__ABOUT THIS EXERCISE__. In this exercise, every entry below is to be reproduced word for word.

__RECORDS TO PROCESS__.
⟨

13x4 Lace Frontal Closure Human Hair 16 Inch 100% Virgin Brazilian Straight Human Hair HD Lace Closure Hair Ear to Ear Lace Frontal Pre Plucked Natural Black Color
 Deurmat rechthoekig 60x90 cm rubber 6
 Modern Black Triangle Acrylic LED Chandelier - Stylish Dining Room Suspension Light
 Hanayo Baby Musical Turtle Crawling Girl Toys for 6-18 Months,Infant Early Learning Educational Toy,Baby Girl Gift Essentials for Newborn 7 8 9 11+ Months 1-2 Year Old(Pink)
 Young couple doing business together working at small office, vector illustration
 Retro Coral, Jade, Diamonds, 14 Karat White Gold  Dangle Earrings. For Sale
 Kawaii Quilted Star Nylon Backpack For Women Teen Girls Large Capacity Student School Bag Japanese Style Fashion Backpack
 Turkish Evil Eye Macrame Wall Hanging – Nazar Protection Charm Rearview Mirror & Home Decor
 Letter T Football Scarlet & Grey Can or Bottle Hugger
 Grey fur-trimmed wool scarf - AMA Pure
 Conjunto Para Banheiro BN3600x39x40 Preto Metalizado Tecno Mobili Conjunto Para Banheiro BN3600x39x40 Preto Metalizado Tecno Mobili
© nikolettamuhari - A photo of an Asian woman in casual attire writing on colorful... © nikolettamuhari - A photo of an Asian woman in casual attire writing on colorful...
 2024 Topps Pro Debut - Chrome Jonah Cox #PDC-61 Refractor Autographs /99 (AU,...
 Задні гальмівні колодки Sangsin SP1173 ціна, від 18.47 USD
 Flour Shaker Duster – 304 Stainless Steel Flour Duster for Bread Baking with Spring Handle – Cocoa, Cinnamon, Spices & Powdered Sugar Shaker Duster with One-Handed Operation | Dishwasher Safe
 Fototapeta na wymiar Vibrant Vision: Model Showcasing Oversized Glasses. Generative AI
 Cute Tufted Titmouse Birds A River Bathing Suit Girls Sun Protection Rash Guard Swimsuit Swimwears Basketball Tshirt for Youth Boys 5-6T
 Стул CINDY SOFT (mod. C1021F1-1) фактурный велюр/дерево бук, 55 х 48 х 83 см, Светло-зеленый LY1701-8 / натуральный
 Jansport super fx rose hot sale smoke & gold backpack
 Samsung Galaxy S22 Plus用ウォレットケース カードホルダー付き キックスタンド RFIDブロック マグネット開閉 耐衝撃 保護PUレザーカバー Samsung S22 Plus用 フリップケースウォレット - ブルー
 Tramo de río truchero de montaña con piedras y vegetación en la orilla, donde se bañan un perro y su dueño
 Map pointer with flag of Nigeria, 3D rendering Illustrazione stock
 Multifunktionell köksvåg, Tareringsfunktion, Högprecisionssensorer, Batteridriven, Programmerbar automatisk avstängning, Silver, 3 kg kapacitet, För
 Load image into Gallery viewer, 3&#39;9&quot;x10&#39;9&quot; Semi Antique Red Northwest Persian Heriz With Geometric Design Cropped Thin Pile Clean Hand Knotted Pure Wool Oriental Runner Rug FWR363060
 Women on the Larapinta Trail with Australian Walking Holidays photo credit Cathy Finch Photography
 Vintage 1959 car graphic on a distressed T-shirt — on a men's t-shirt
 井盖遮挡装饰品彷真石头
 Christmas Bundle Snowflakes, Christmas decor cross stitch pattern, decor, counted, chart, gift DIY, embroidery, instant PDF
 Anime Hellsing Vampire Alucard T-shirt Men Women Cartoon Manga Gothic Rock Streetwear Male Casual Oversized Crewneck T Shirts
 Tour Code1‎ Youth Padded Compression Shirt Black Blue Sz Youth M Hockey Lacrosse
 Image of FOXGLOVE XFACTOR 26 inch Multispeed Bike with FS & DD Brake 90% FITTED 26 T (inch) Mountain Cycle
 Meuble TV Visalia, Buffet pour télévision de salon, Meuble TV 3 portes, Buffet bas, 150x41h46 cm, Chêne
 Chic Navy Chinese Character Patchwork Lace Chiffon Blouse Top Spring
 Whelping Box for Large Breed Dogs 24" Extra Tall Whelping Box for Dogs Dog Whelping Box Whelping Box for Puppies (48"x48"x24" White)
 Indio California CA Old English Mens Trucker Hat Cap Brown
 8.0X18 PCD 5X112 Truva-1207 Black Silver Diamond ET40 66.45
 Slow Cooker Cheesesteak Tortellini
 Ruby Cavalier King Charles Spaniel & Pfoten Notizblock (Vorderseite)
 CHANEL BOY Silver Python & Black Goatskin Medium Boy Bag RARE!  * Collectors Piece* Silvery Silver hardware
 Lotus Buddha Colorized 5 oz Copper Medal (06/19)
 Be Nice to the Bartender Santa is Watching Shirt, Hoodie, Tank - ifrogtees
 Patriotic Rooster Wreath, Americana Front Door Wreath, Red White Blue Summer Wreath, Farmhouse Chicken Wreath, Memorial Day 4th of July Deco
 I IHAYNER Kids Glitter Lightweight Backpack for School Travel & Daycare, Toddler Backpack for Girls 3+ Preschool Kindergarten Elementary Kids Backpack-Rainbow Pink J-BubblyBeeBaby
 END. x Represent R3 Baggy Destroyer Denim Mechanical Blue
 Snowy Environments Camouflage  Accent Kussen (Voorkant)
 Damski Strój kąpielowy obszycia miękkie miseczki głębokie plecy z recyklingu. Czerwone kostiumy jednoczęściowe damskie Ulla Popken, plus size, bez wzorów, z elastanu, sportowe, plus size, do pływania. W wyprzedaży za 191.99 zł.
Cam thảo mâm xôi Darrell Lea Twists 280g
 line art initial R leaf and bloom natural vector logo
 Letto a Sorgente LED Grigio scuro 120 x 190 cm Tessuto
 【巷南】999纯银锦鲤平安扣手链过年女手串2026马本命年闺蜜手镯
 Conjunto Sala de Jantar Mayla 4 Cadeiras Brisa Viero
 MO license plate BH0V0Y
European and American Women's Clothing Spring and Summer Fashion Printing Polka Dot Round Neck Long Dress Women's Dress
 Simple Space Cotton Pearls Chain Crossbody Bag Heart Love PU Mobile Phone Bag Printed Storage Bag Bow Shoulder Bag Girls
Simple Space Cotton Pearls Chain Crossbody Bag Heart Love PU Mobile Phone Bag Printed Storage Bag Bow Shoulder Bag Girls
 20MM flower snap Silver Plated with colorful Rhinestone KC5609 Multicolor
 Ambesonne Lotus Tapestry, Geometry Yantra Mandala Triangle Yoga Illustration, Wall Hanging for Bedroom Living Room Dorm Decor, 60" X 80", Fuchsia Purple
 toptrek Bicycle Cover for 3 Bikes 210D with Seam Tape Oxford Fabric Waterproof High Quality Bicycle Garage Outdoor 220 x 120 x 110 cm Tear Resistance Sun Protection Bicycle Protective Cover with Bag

⟩

__THE COMPLETED TASK__.
13x4 Lace Frontal Closure Human Hair 16 Inch 100% Virgin Brazilian Straight Human Hair HD Lace Closure Hair Ear to Ear Lace Frontal Pre Plucked Natural Black Color
 Deurmat rechthoekig 60x90 cm rubber 6
 Modern Black Triangle Acrylic LED Chandelier - Stylish Dining Room Suspension Light
 Hanayo Baby Musical Turtle Crawling Girl Toys for 6-18 Months,Infant Early Learning Educational Toy,Baby Girl Gift Essentials for Newborn 7 8 9 11+ Months 1-2 Year Old(Pink)
 Young couple doing business together working at small office, vector illustration
 Retro Coral, Jade, Diamonds, 14 Karat White Gold  Dangle Earrings. For Sale
 Kawaii Quilted Star Nylon Backpack For Women Teen Girls Large Capacity Student School Bag Japanese Style Fashion Backpack
 Turkish Evil Eye Macrame Wall Hanging – Nazar Protection Charm Rearview Mirror & Home Decor
 Letter T Football Scarlet & Grey Can or Bottle Hugger
 Grey fur-trimmed wool scarf - AMA Pure
 Conjunto Para Banheiro BN3600x39x40 Preto Metalizado Tecno Mobili Conjunto Para Banheiro BN3600x39x40 Preto Metalizado Tecno Mobili
© nikolettamuhari - A photo of an Asian woman in casual attire writing on colorful... © nikolettamuhari - A photo of an Asian woman in casual attire writing on colorful...
 2024 Topps Pro Debut - Chrome Jonah Cox #PDC-61 Refractor Autographs /99 (AU,...
 Задні гальмівні колодки Sangsin SP1173 ціна, від 18.47 USD
 Flour Shaker Duster – 304 Stainless Steel Flour Duster for Bread Baking with Spring Handle – Cocoa, Cinnamon, Spices & Powdered Sugar Shaker Duster with One-Handed Operation | Dishwasher Safe
 Fototapeta na wymiar Vibrant Vision: Model Showcasing Oversized Glasses. Generative AI
 Cute Tufted Titmouse Birds A River Bathing Suit Girls Sun Protection Rash Guard Swimsuit Swimwears Basketball Tshirt for Youth Boys 5-6T
 Стул CINDY SOFT (mod. C1021F1-1) фактурный велюр/дерево бук, 55 х 48 х 83 см, Светло-зеленый LY1701-8 / натуральный
 Jansport super fx rose hot sale smoke & gold backpack
 Samsung Galaxy S22 Plus用ウォレットケース カードホルダー付き キックスタンド RFIDブロック マグネット開閉 耐衝撃 保護PUレザーカバー Samsung S22 Plus用 フリップケースウォレット - ブルー
 Tramo de río truchero de montaña con piedras y vegetación en la orilla, donde se bañan un perro y su dueño
 Map pointer with flag of Nigeria, 3D rendering Illustrazione stock
 Multifunktionell köksvåg, Tareringsfunktion, Högprecisionssensorer, Batteridriven, Programmerbar automatisk avstängning, Silver, 3 kg kapacitet, För
 Load image into Gallery viewer, 3&#39;9&quot;x10&#39;9&quot; Semi Antique Red Northwest Persian Heriz With Geometric Design Cropped Thin Pile Clean Hand Knotted Pure Wool Oriental Runner Rug FWR363060
 Women on the Larapinta Trail with Australian Walking Holidays photo credit Cathy Finch Photography
 Vintage 1959 car graphic on a distressed T-shirt — on a men's t-shirt
 井盖遮挡装饰品彷真石头
 Christmas Bundle Snowflakes, Christmas decor cross stitch pattern, decor, counted, chart, gift DIY, embroidery, instant PDF
 Anime Hellsing Vampire Alucard T-shirt Men Women Cartoon Manga Gothic Rock Streetwear Male Casual Oversized Crewneck T Shirts
 Tour Code1‎ Youth Padded Compression Shirt Black Blue Sz Youth M Hockey Lacrosse
 Image of FOXGLOVE XFACTOR 26 inch Multispeed Bike with FS & DD Brake 90% FITTED 26 T (inch) Mountain Cycle
 Meuble TV Visalia, Buffet pour télévision de salon, Meuble TV 3 portes, Buffet bas, 150x41h46 cm, Chêne
 Chic Navy Chinese Character Patchwork Lace Chiffon Blouse Top Spring
 Whelping Box for Large Breed Dogs 24" Extra Tall Whelping Box for Dogs Dog Whelping Box Whelping Box for Puppies (48"x48"x24" White)
 Indio California CA Old English Mens Trucker Hat Cap Brown
 8.0X18 PCD 5X112 Truva-1207 Black Silver Diamond ET40 66.45
 Slow Cooker Cheesesteak Tortellini
 Ruby Cavalier King Charles Spaniel & Pfoten Notizblock (Vorderseite)
 CHANEL BOY Silver Python & Black Goatskin Medium Boy Bag RARE!  * Collectors Piece* Silvery Silver hardware
 Lotus Buddha Colorized 5 oz Copper Medal (06/19)
 Be Nice to the Bartender Santa is Watching Shirt, Hoodie, Tank - ifrogtees
 Patriotic Rooster Wreath, Americana Front Door Wreath, Red White Blue Summer Wreath, Farmhouse Chicken Wreath, Memorial Day 4th of July Deco
 I IHAYNER Kids Glitter Lightweight Backpack for School Travel & Daycare, Toddler Backpack for Girls 3+ Preschool Kindergarten Elementary Kids Backpack-Rainbow Pink J-BubblyBeeBaby
 END. x Represent R3 Baggy Destroyer Denim Mechanical Blue
 Snowy Environments Camouflage  Accent Kussen (Voorkant)
 Damski Strój kąpielowy obszycia miękkie miseczki głębokie plecy z recyklingu. Czerwone kostiumy jednoczęściowe damskie Ulla Popken, plus size, bez wzorów, z elastanu, sportowe, plus size, do pływania. W wyprzedaży za 191.99 zł.
Cam thảo mâm xôi Darrell Lea Twists 280g
 line art initial R leaf and bloom natural vector logo
 Letto a Sorgente LED Grigio scuro 120 x 190 cm Tessuto
 【巷南】999纯银锦鲤平安扣手链过年女手串2026马本命年闺蜜手镯
 Conjunto Sala de Jantar Mayla 4 Cadeiras Brisa Viero
 MO license plate BH0V0Y
European and American Women's Clothing Spring and Summer Fashion Printing Polka Dot Round Neck Long Dress Women's Dress
 Simple Space Cotton Pearls Chain Crossbody Bag Heart Love PU Mobile Phone Bag Printed Storage Bag Bow Shoulder Bag Girls
Simple Space Cotton Pearls Chain Crossbody Bag Heart Love PU Mobile Phone Bag Printed Storage Bag Bow Shoulder Bag Girls
 20MM flower snap Silver Plated with colorful Rhinestone KC5609 Multicolor
 Ambesonne Lotus Tapestry, Geometry Yantra Mandala Triangle Yoga Illustration, Wall Hanging for Bedroom Living Room Dorm Decor, 60" X 80", Fuchsia Purple
 toptrek Bicycle Cover for 3 Bikes 210D with Seam Tape Oxford Fabric Waterproof High Quality Bicycle Garage Outdoor 220 x 120 x 110 cm Tear Resistance Sun Protection Bicycle Protective Cover with Bag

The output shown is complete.